The Memphis Tigers are not a good basketball team. The 12-12 record the team carried into their road trip to Utah State on Saturday night shows that the Tigers are the definition of average, but after their 99-75 loss, Penny Hardaway's message all but proves that he, along with his team, is officially done.
The contest was essentially over at halftime with Memphis trailing by 14 points given that the Tigers have won just two true road games all season. Despite the fact that Memphis played its way into a 76-55 hole with 10 minutes left in the contest, Hardaway took exception to the Aggies ‘running the score up’ instead of his team showing any ounce of fight.
Hardaway didn't appreciate the fact that Utah State scored two buckets in the final 30 seconds of the game.
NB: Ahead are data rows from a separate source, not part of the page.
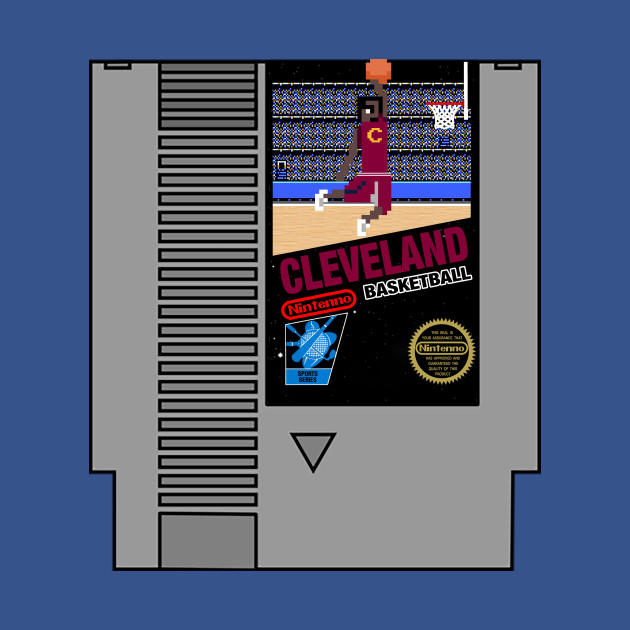 Disover Cleveland Basketball 8 bit pixel art cartridge design - Cleveland Cavs - T-Shirt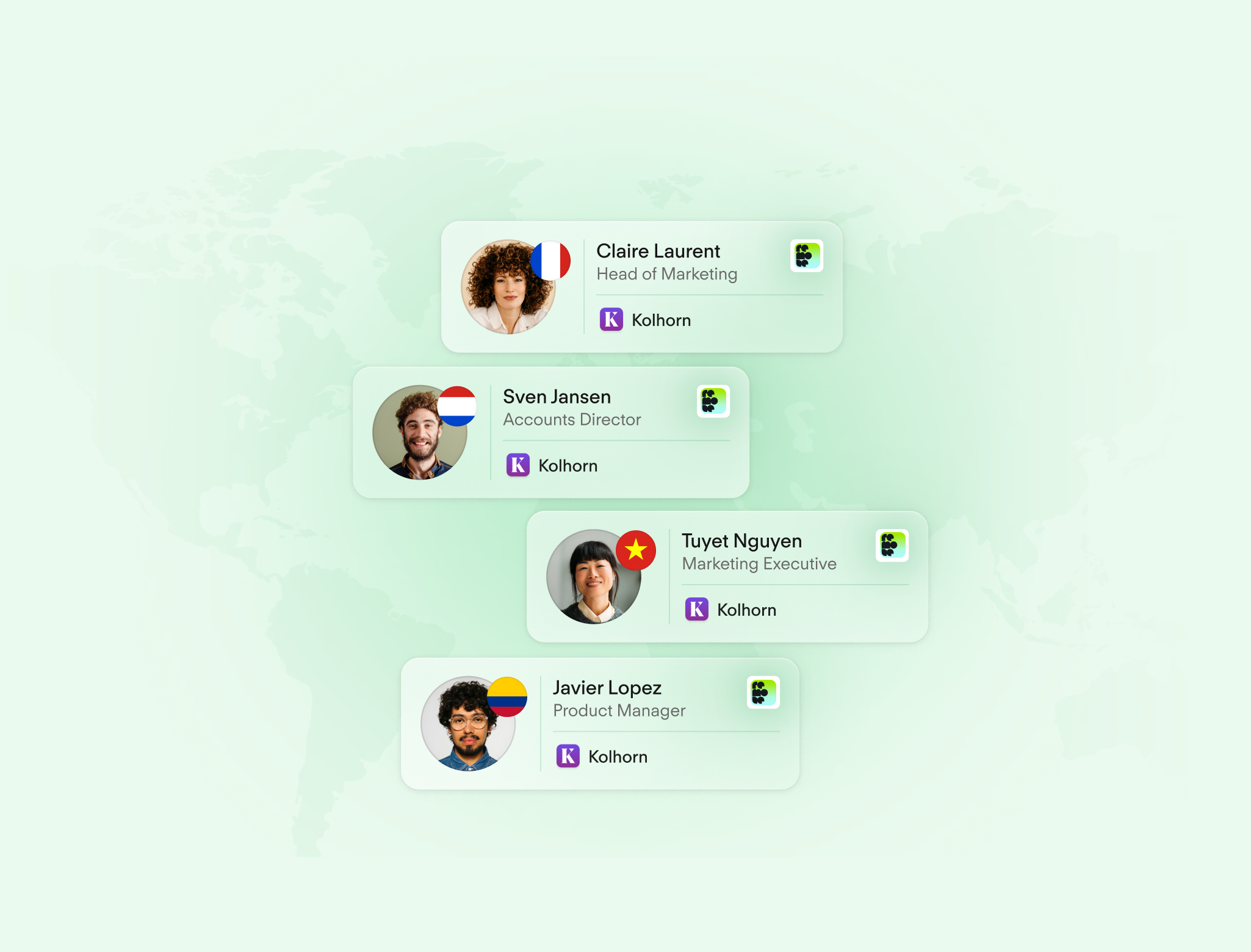 Four Kolhorn employee profile cards showing international team members with photos, flags, and job titles on a green background.
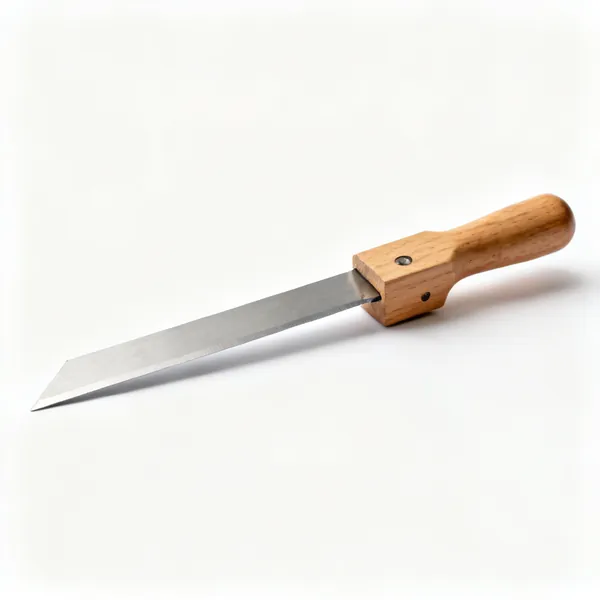 A try square with a wooden stock and steel blade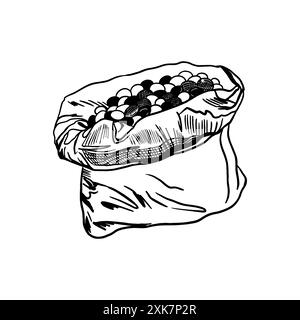 Olives dans un sac. Fruits ronds mûrs recueillis sur un arbre. Récolte. Illustration vectorielle dans le style graphique. Pour étiquettes, bannières, cartes, affiches, dépliants Illustration de Vecteur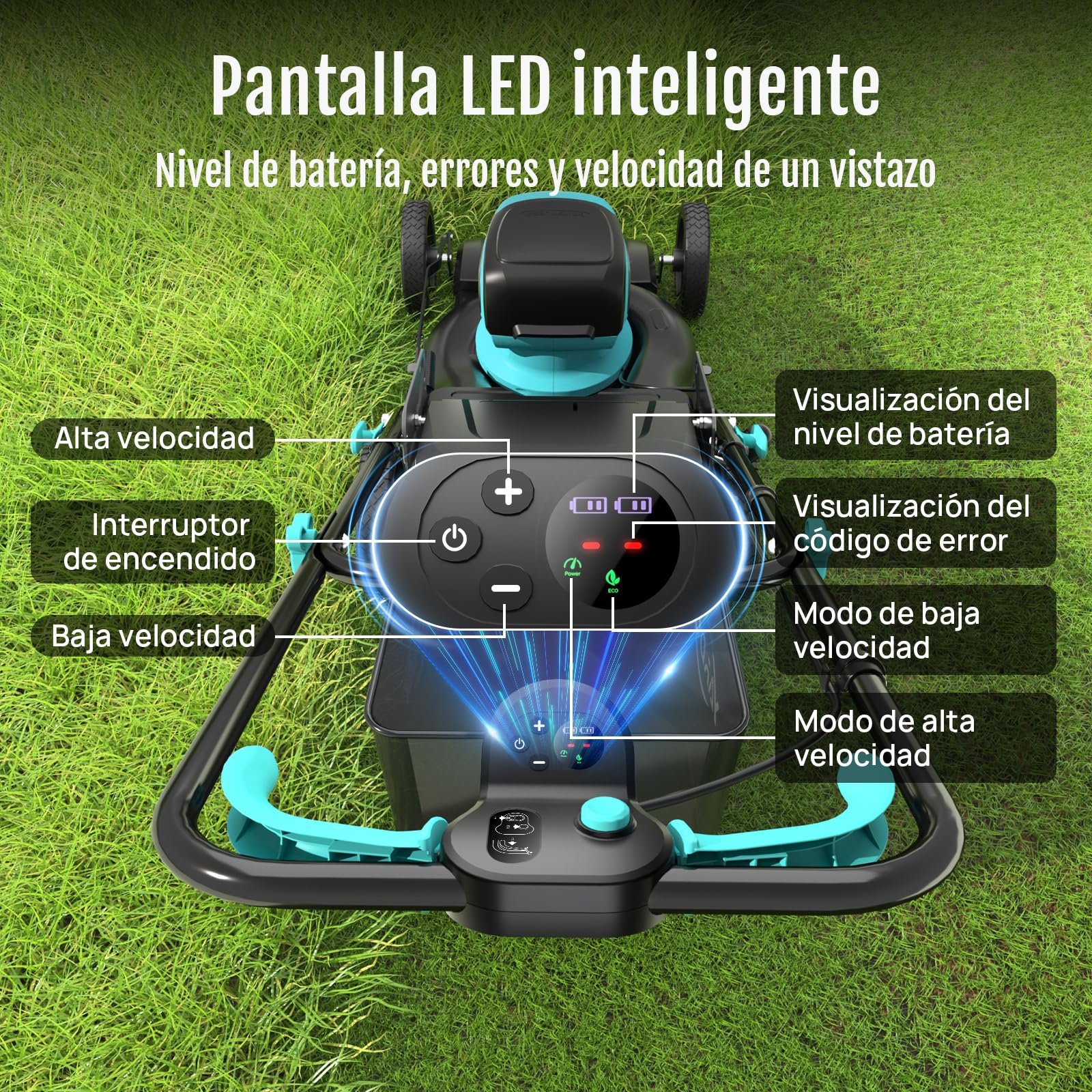 YARDCARE Cortacesped Electrico(Hasta 675㎡, 36V, Ancho de Corte 41cm)Cortacesped Bateria con Ajuste de Altura de 7Etapas, Kit de Mulching&Bolsa de Paja de 45L, Mango Ajustable, Pantalla LED, Cargadores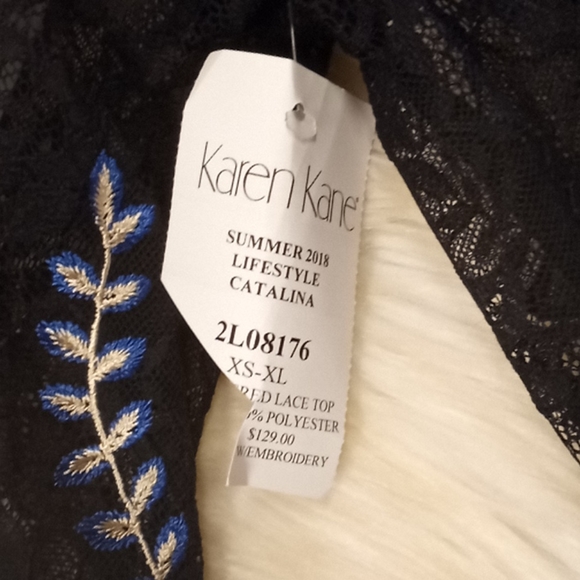 Karen Kane Lace Floral Embroidered  Top - Picture 13 of 14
That last bucket was a ferocious windmill dunk by MJ Collins Jr. that put the exclamation point of all exclamation points on the game.
Hardaway was then seen telling Collins, "don't do that, bro" as the team shook hands after the game.
Hardaway personally telling Collins that he shouldn't be hammering home windmill dunks in a game that had long been over is fair; plenty of coaches would wait to voice those complaints through the media.
However, the message Hardaway shared with the radio broadcast after the contest was weak.
"You can’t do what they did. You can’t keep scoring the ball," Hardaway said. "We came out here to play this game. You gotta have more class than that. It ain’t even just that last one. It was the rest of them. You just gotta have some type of class, seriously."
That sounds like something a high school coach would say, not a former four-time NBA All-Star turned head coach of a team that has been to the NCAA Tournament three of the last four years.
Sure, Memphis had to make the trek out ot Logan, Utah to play a game, but to complain about that fact makes it sound as if he himself gave his own guys very little chance to truly compete in the game.
That's not the type of message you want to portray as the head coach of Memphis while discussing a game against Utah State.